What the task asks
Everything from the line with "2025北京房山高二（下）期末历史试题及答案第2页" down to the line with "百家争鸣！你从未见过的人工智能盛会！" below must be printed exactly, those two lines included. Exclude pictures.

Dataset records
* * *

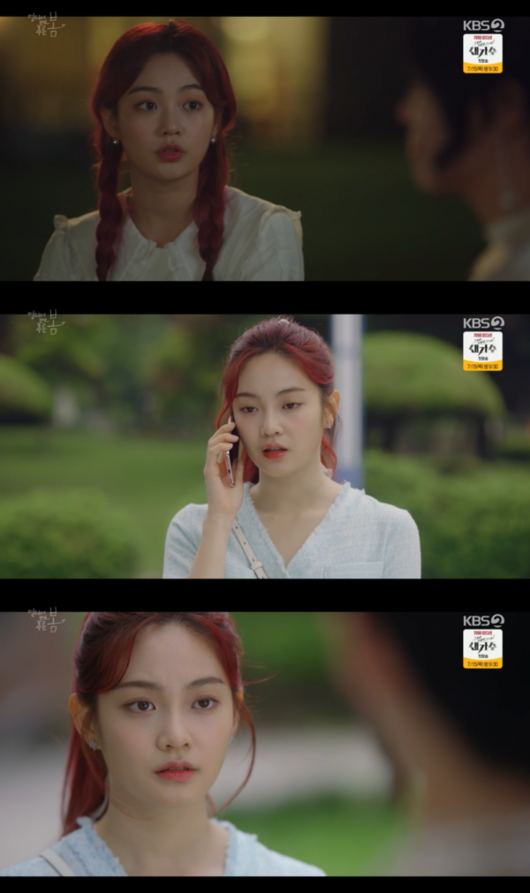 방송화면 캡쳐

* * *

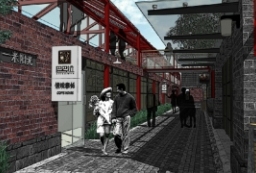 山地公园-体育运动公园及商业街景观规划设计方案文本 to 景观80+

* * *

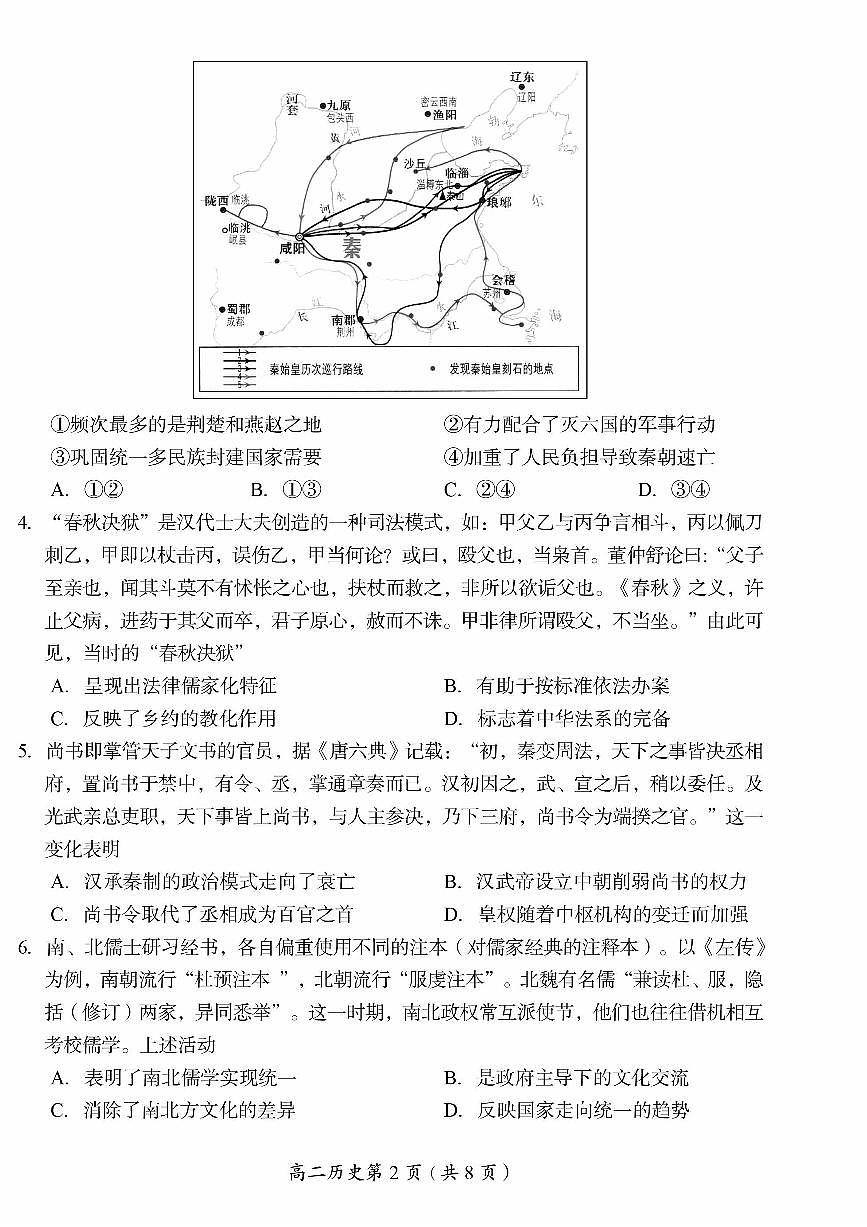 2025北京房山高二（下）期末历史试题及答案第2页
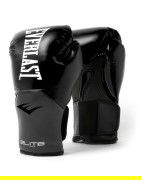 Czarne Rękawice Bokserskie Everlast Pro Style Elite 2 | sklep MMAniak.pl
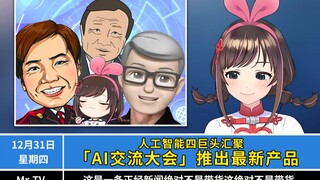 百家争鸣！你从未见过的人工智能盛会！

* * *

Response
 2025北京房山高二（下）期末历史试题及答案第2页
 Czarne Rękawice Bokserskie Everlast Pro Style Elite 2 | sklep MMAniak.pl
 百家争鸣！你从未见过的人工智能盛会！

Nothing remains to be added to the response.